紺碧に輝くアドリア海。夏のリゾートが大人気のクロアチア、ポスト・コロナの2022年夏は、コロナ前と変わらない風景が各地で見られ、欧米を中心としたリゾート客が開放的な夏休みを満喫しました。

一方、2023年1月からのユーロ導入などの影響もあり、物価は急騰、アジアを中心とした外国人労働者の姿も急増しています。

ウィズコロナが定着、クロアチアのコロナ対応

ウィズコロナが定着、クロアチアのコロナ対応
観光シーズン終盤の9月に入っても、観光客でにぎわうドゥブロヴニク旧市街

2022年夏のシーズンには、観光客が戻っていました。過去最高水準を記録したコロナ前の2019年とほぼ同水準まで回復、写真は人であふれている2022年9月のドゥブロヴニク旧市街。小さくてよくわからないかもしれませんが、マスク着用の人はほぼ皆無、カフェでもマスク無しで会話を楽しんでいるようでした。
なお、旧市街は晴れていましたが、この日の展望スポット、スルジ山はあいにくの薄曇り。タイトルの写真は晴天がいいなと思って、コロナ前のスルジ山からの眺望を選びました。取材日も観光客は同じように戻っていて、薄曇りとはいえ眺望を楽しんでいましたよ。

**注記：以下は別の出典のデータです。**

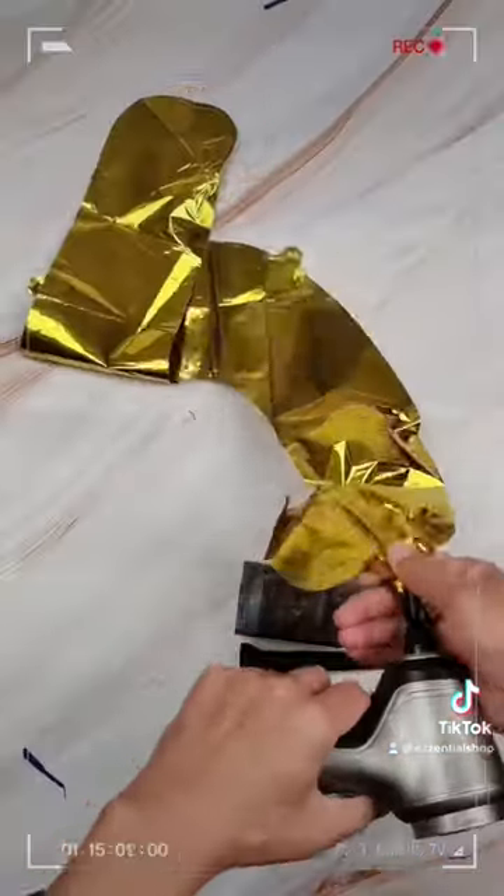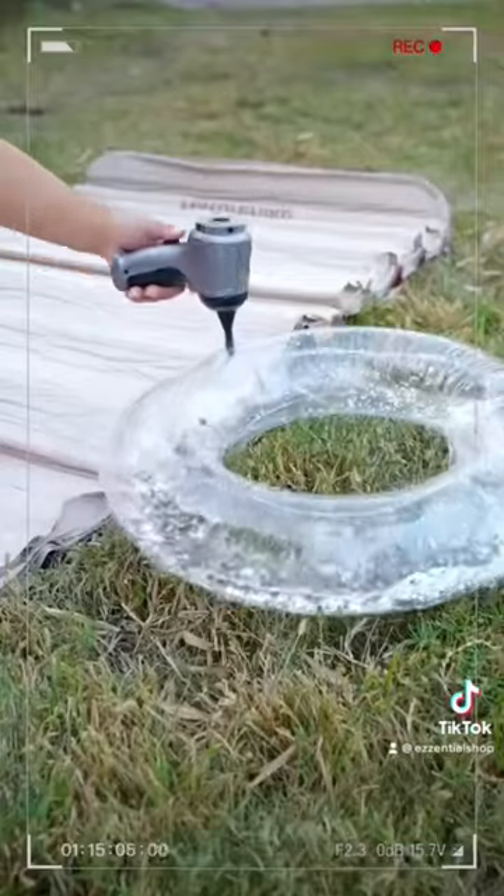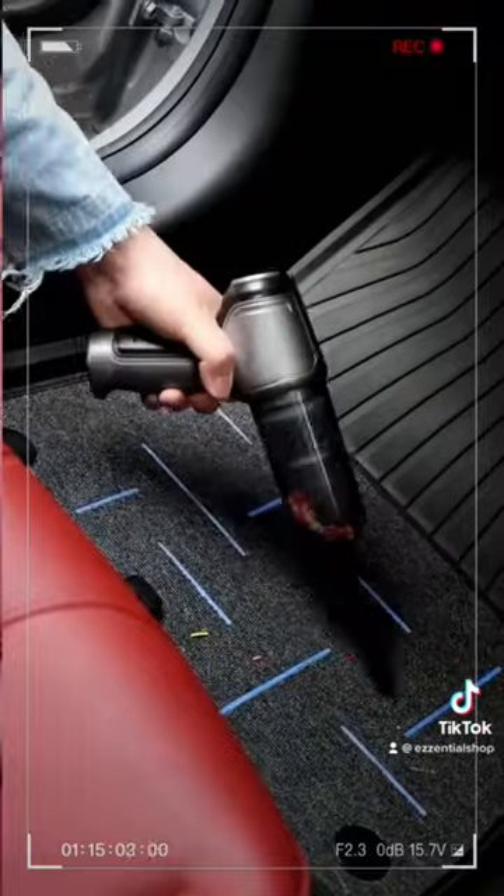Plus, it also doubles as an air pump to inflate balloons or pool floats in seconds. Upgrade your car with the Mini Car Vacuum today!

9月初旬、澄んだ青空に秋の気配が漂うザグレブの中心地イェラチッチ広場
9月初旬、澄んだ青空に秋の気配が漂うザグレブの中心地イェラチッチ広場

クロアチアは夏になるとバカンスシーズンになり、一般家庭でもアドリア海沿岸の町で過ごしたりします。海辺や郊外に別荘があるクロアチア家庭は珍しくなく、年金生活世代は夏中ずっと別荘、子どもはサマーキャンプのほか海辺のおじいちゃんおばあちゃん宅、親は2〜3週間の夏休みのほか毎週末を海辺で過ごすといった具合・・・なんてうらやましい! そういうこともあり、首都ザグレブの暑い夏は、観光客は増えますが、それでもかなり人が少ない感じです。かわいらしい色の建物が並ぶイェラチッチ広場も、日中はガランとしています。夕方になると外に並べられたカフェのテーブルに、人が集まってきて、アイスを食べながらおしゃべりに夢中になるのですが(それでも他のシーズンよりは空いていますし、観光客率が高いのです)。
このガランと人が減る夏を利用して、夏はトラム路線や道路の工事がよく行われます。

クロアチアのコロナ感染状況は、すっかりインフルエンザや夏風邪と同じ程度に感じられるようになっています。家族や友人も含め、身近な人たちもコロナ経験者続出ですが、ほとんどが、重い場合でも、数日発熱で寝込んだりする程度で、まったく珍しくなくなり、「コロナにかかった」と聞いても「ふーん、重症じゃないといいねぇ」くらいまで、すっかり日常化している状況です。当初騒がれていた味覚や疲労などの後遺症も、ほとんど聞かなくなりました。
毎日ニュースで流れていた新規感染者数やコロナ患者総数、入院患者数や死亡者数なども、夏前には停止され、コロナ感染者数を調べるには、わざわざ専門ウェブサイトに行かなければならないほどとなっています。

マスクなしでコロナ前と同じ風景のドラツ青果市場
マスクなしでコロナ前と同じ風景のドラツ青果市場

ザグレブの中心地にあるドラツ市場は、市民の胃袋を支えるところ。青空の青果市場、屋内には精肉やチーズなど、何でも揃います。ここに買い物に来る人も、売り子さんも、マスクは必要ありません。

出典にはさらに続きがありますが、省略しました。